The answer is that there really isn’t a great answer. I looked at the data over the last three years and found that very few relievers stay consistent with their hold totals from year to year. Some of this has to do with set-up guys becoming closers (i.e. Carlos Marmol), but a lot of it has to do with the general inconsistencies of relievers. Take Jeremy Affeldt for instance. In 2009, Affeldt tied for the major league lead in holds with 33 (with Matt Guerrier) and posted a 1.74 ERA with a 1.17 WHIP. This past season, Affeldt posted an ever-so-slightly better K/BB rate, but saw his ERA regress to 4.14 with a 1.60 WHIP.
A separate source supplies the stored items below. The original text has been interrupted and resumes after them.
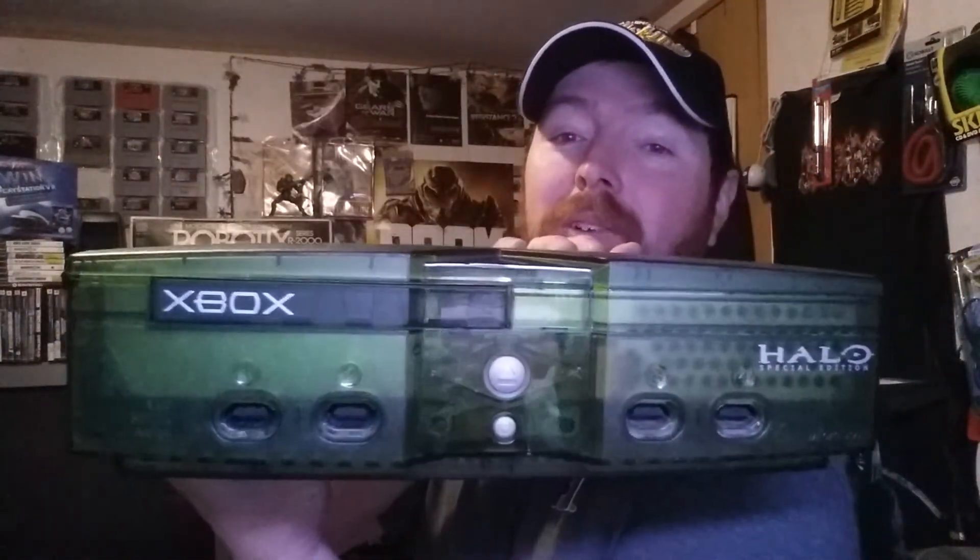I watched a video not too long ago with another guy — I can't remember exactly who — but he found one of these completing bucks, so props to him. But we did find one here on the channel — awesome. And it came with the power supply and the AV cables, which is really cool.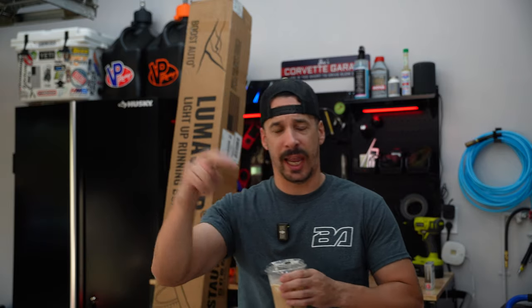What is up guys? Welcome back to the channel. Today we got a slightly different video. We're getting back to the roots of Slow Joe Racing, or aka, for those that still follow me, Joe of All Trades, which is working on the 2017 Chevy Silverado.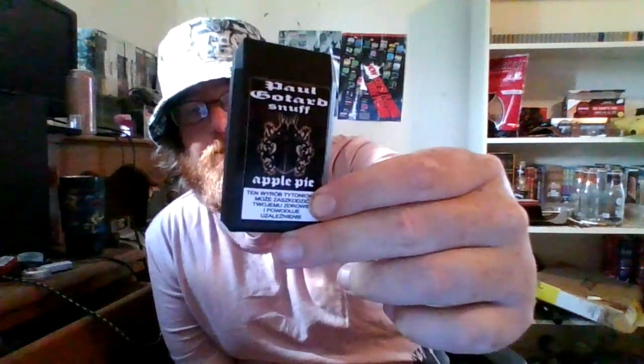Hey, Kev here. Got some snuff for you today — Paul Guitard Apple Pie. I have tried this one, I like it. It smells like apple pie. It's got cinnamon and stuff in it.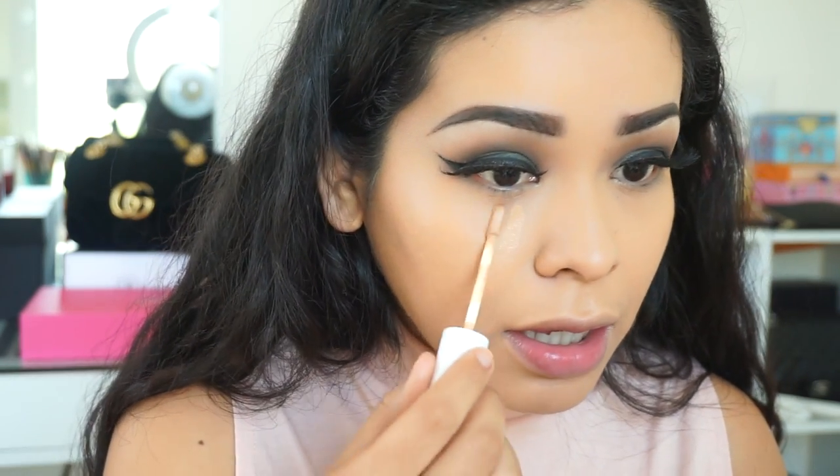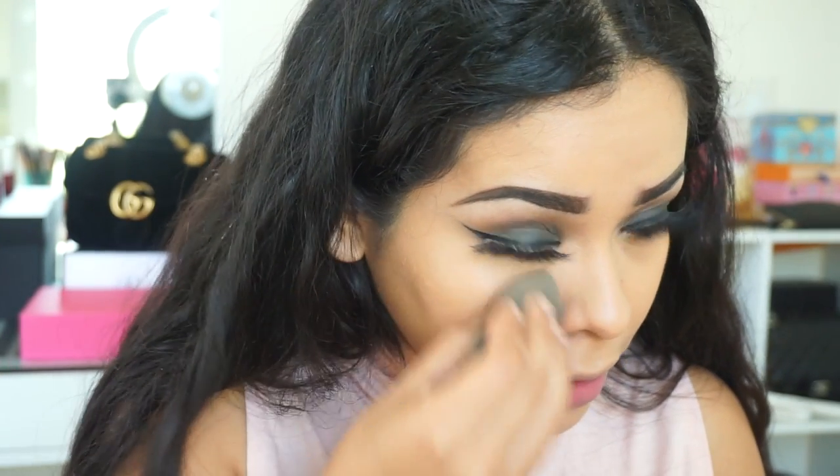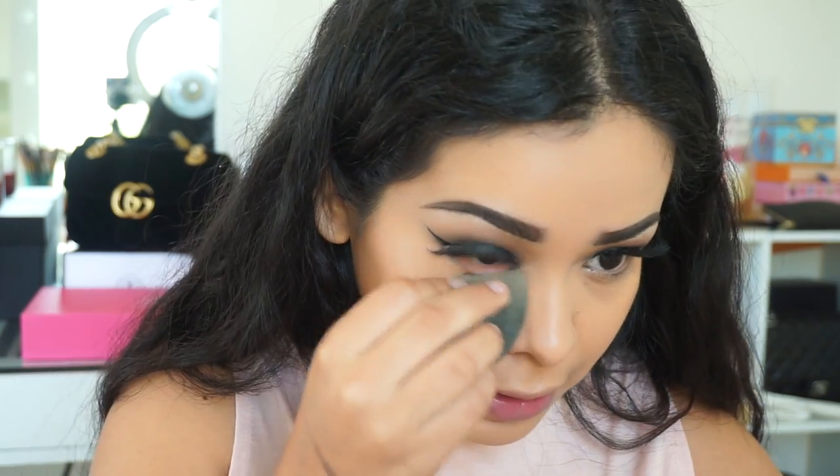Shade Golden 40 isn't quite bright enough for my under eye, so I'm going to mix in a lighter color. This one is Medium Tan, shade 35 — I'm assuming it's close to Golden 40. I'll dab this in first and see how I like it. Yeah, this is a really good concealer, I just don't think it's brightening enough for my under eye. It definitely brightened it, but I don't think I'm going to use Golden 40 under the eye — probably just on my skin. I'm going to go in with Light 20, which looks really light in the tube, but I just want my under eye to be bright.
Then there is the fact that bullpen roles turn over all the time, like Affeldt, who was replaced in the eighth inning in 2010 by Sergio Romo. Then there are cases like Dan Wheeler from 2008 to 2009. In 2008, Wheeler had 26 holds and a 0.99 WHIP. The next season, he posted a better K/BB rate and a 0.87 WHIP, but only got 16 holds. It’s just a matter of opportunity, which is almost impossible to predict with decent accuracy.
The charts below show every reliever from 2008 through 2010 who earned 20 or more holds.
Only two relievers have had over 20 holds each season since 2008 (Matt Thornton and Matt Guerrier) and none repeated a 30-plus hold season.
The problem in general, when it comes to attempting to find holds and WHIP, is that relievers are inherently hard to project. They are subject to a very small sample size of innings and most don’t pitch more than one inning at a time. There are so many variables that go into the success or failure of a reliever and numbers like saves and holds are largely a product of opportunity and not skill. Case and point: Francisco Rodriguez accumulated 62 saves in 2008 after saving 40 the season before. In 2007, Rodriguez had a better K/BB ratio. Then, in 2009, his first year with the Mets, he had only 35 saves. He threw only 1/3 inning less than he did in 2008 and had exactly the same amount of blown saves.
The best way I can find to go about targeting relievers for holds is to know each team’s bullpen pecking order and look for pitchers with good, consistent, K/BB rates. Last season, not a single reliever with a K/BB rate of 4/1 or better had a WHIP over 1.10. Then look for players with low BB rates. Edward Mujica, now with the Marlins, Rafael Betancourt, Joaguin Benoit, Darren O’Day, Sergio Romo, Scott Downs and Luke Gregerson are all examples for this from 2010. But even a pitcher like Gregerson, who seems to have a lock on a setup role and posted a 0.83 WHIP in 2010, isn’t without risk. He posted a 1.24 WHIP the season before. Again, small sample sizes come into play here.
Personally, I am not a fan of using holds as a category in fantasy baseball. The turnover rate is higher than that of closers and “chasing saves” can be a tough task in and of itself. At least established closers tend to get a longer leash with regards to losing their bullpen role.
In conclusion, the best way to look for relievers that will deliver holds with low WHIP rates is to look at track record and pecking order. What pitchers have a track record of good command and high strikeout numbers? Then, do those pitchers have a setup job waiting for them in 2011? The best way to approach holds on draft day is to place a low value on the category and don’t reach for any particular reliever. Chances are there will be extreme turnover in the holds category and you are more likely to find multiple values via waivers/free agent wire than you will on draft day.
Or you can just get your league to get rid of the category to start with.